Sunday, January 15, 2012

Community Economic Independance Index

One can measure the capacity of any community to be independently wealthy, independently prosperous.

If you take where I live, Fox Valley, St Charles, Geneva, Batavia and remove components known to not be directly contributory to the economy of the marketplace, in other words these components live FROM the marketplace, produce no GDP, are simply money transfers, even if beneficial, you will discover quickly what the remainder is and that will be the Community Economic Independence Index.

Take all incomes from all individuals in the community, then, subtract those that are paid to people from Churches, Charitable Organizations, Government Salaries, Payments FROM government including Social Security, Welfare and any employee of agency funded by taxpayer dollars or charitable contributions.

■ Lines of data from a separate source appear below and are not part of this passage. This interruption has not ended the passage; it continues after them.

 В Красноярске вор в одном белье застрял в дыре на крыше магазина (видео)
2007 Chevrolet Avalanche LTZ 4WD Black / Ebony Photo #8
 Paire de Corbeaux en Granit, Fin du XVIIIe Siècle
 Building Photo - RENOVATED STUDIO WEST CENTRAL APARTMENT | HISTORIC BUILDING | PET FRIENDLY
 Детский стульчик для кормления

That will leave business owners, people who work for them in business, agriculture (exclusive of payments made to farmers) and all others who by the work the do earn income for products or services rendered.

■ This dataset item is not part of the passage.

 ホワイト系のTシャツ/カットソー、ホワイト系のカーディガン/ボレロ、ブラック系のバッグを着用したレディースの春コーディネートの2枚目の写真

Nothing else counts. Sorry.

The net of that calculation, even informally, will give you good reason to understand why and how some communities seem to prosper and some seem to founder.

If you take adjacent cities of Elgin or Aurora in the Fox Valley, you quickly see the difference. Same geography, same river runs thru, but the net result is very different.

I know this isn't a popular viewpoint, but we must see the truth. Working in a charity, being in the ministry or working in government shouldn't be a way to be enriched. If you do, you are not serving for serving sake and you are NOT contributing to the economy. What y0u do may be valuable, but it doesn't foster economic independence.